The traditional Easter Tree is a festive holiday custom whose roots trace back to Germany.
The branches are picked from trees and placed in a vase or in my case a bottle to be decorated with brightly coloured eggs and ribbons. The eggs can either be real eggs, carefully blown and a ribbon threaded through with a loop for hanging on the branch, then painted or decorated with glue and sequins etc. Alternatively, polystyrene and plastic eggs are available at most craft supply shops and pound shops at this time of year. Some of these are in two halves and can be filled with sweets or model chicks, as long as they are light they can still be hung on the tree. rather than painting these, this year I have chosen to wrap them in squares of fabric which I have tied with ribbon.
For my own Easter Tree I use Pussy Willow as I just adore the soft downy buds, but any branch can be used. A further option, which I have done in the past is to spray paint the branches, the effect of which can be very pretty indeed.
Easter Trees are also traditional in Sweden, where typically they use birch twigs and attach brightly coloured feathers to the end of the stems. I have come across several stories about the origin for the tradition in Sweden which date back to the 1600’s. Some used the twigs to beat each other in commemoration of the suffering of Jesus on Good Friday, whilst others believed the twigs to signify witches brooms used to sweep away winter.
Whatever the origin, these attractive decorations are great fun to make and children especially enjoy making and adding decorations. The options for decorations are endless and over the years I have tried many – the decorations which proved the biggest hit with the children were spiced biscuits threaded onto ribbons, half of which we cooked with a boiled sweet at the centre to provide a stained glass effect and half we decorated with icing.
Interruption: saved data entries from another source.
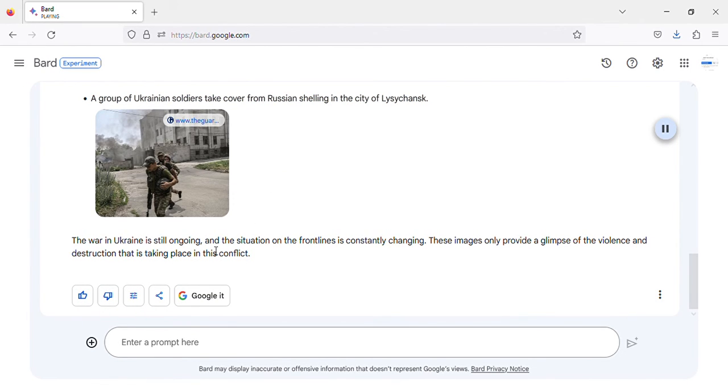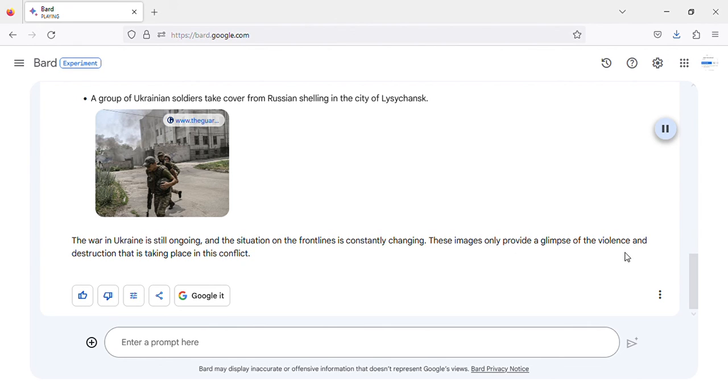The war in Ukraine is still ongoing, and the situation on the front lines is constantly changing. These images only provide a glimpse of the violence and destruction that is taking place in this conflict.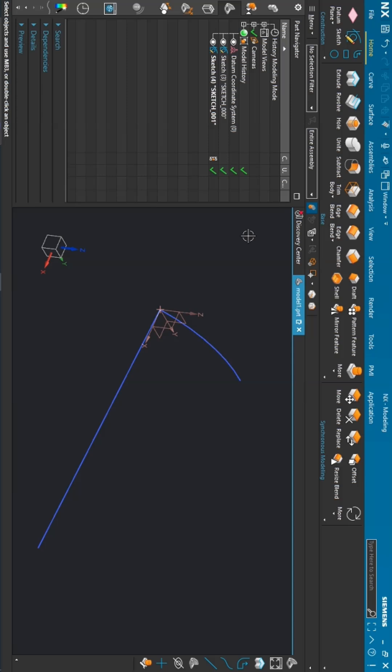For this particular command, we have created these two curves: one is guide and second is the section.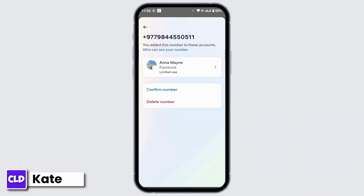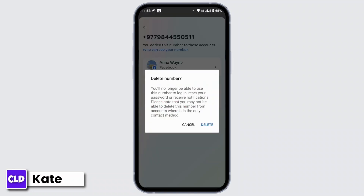After that, you will have two options: to confirm your number and to delete your number. To turn off the text SMS notification in Facebook, all you have to do is delete the phone number from your Facebook account. From here, tap on Delete Number and then tap on Delete. But before that, make sure to read the information in the pop-up box that says you will no longer be able to use this number to login, reset your password, or receive notifications. Please note that you may not be able to delete this number from accounts where it is the only contact method.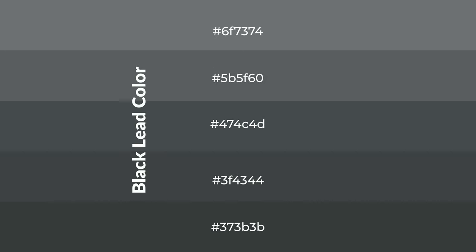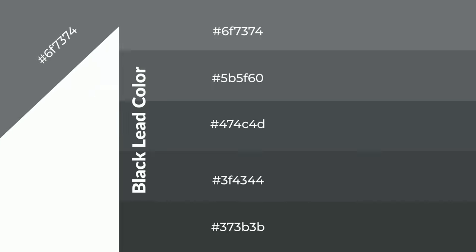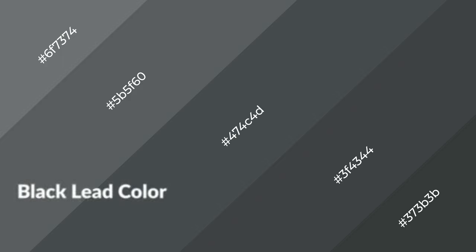To generate shades of a color, we add black to the color, and it is used in patterns, 3D effects, layers and shades create depth and drama.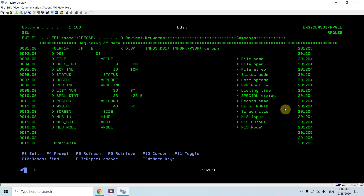The main important fields of DS1 (the INFDS) are: file open indicator, end of file indicator, status, opcode, routine, and list number. You can get more information about these from my previous video on File Information Data Structure. Here I just associated this file information data structure with the file.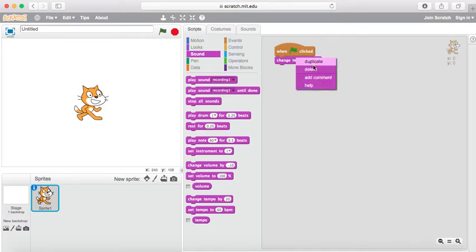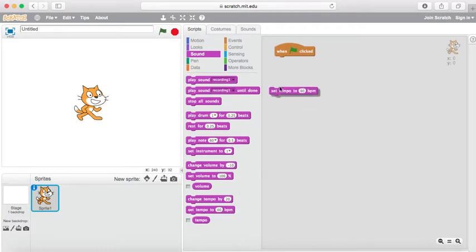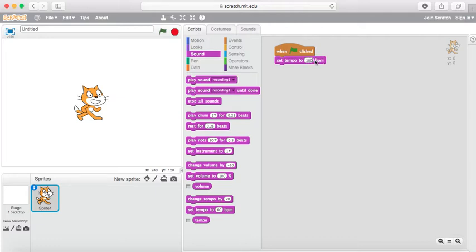The other block that I want to look at is the Set Tempo To. By default, it's set to 60 beats per minute. I could change that to make it, let's say, 100 beats per minute.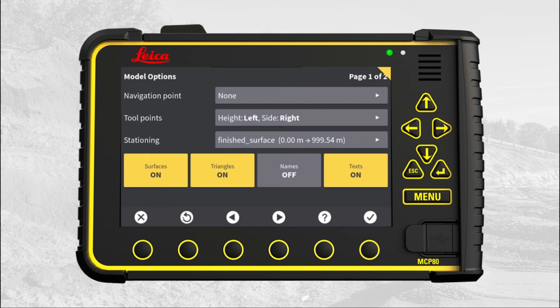Select that stationing line. Note that other projects may contain more stationing lines, so pick the right one that matches your location on the project. If you have any doubt, ask your foreman or surveyor. The stationing line is now selected. Press X to return to the run screen.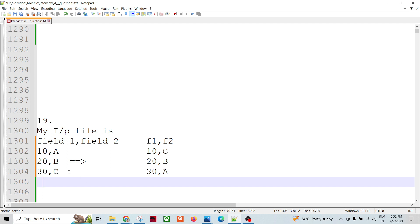While looking at the input data and the expected output, we have two fields, so some kind of different processing is needed for Field One and Field Two. We need to split Field One and Field Two first, apply different processes on each, and then merge them back into one output dataset — probably using Join and maybe Fuse.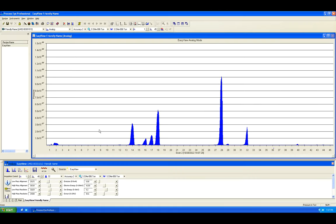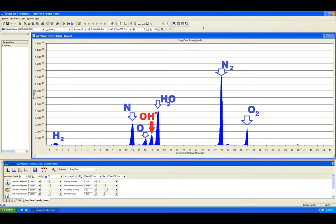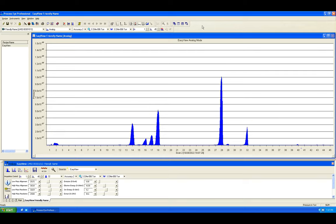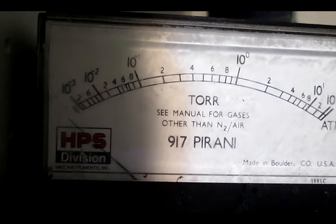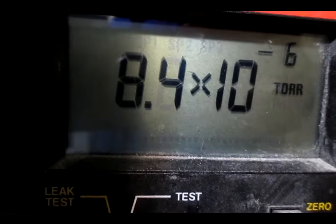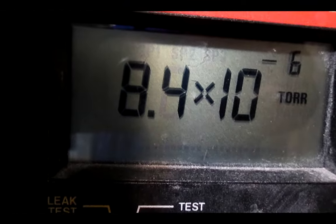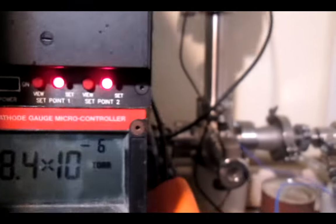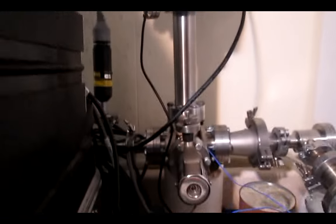an argon atom can collect two charges instead of one and masquerade itself as a lighter mass 20 instead of the actual weight of 40. Monitoring these doubly charged species and tuning the system accordingly helps reduce these types of interference.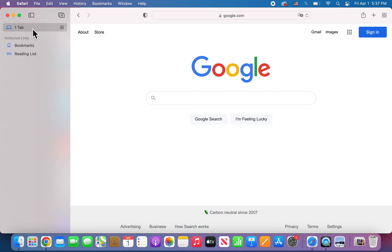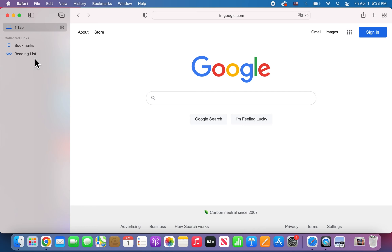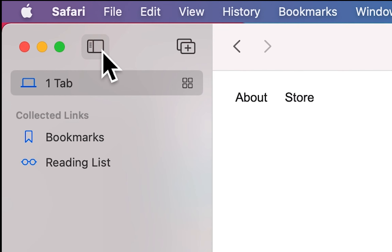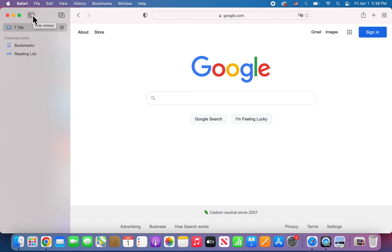Alright guys, so I'm going to show you how to remove this sidebar for Safari on Mac. So whatever website I go to, this bar is on the side here. I'm not even sure how it got here. But to remove it, you're just going to press right here on Hide Sidebar.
I generally make a few easter trees, one sits on my coffee table while a second adorns the hall table and the third takes pride of place as a table centrepiece. Whilst the homemade decorations are undoubtedly the main appeal, I always add some carefully chosen silk flowers to fill the neck of the vase or bottle. this year, my favourites are some miniature daffodils which add just the right splash of colour and are just the right size to dress the neck of the bottle without detracting from the tree itself. I regularly mix silk flowers with real flowers and can honestly say that no-one has every noticed or commented. Silk flowers are generally of uniform size and can be manipulated to fill ‘gaps’ in an arrangement and to provide structure with the added benefit that they can be re-used!
The same silk daffodils and mimosa have inspired this years Easter Baby Clothes Bouquets and Easter Nappy Cake and I hope that for years to come they’ll continue to feature in the Easter Trees and decorations of their recipients.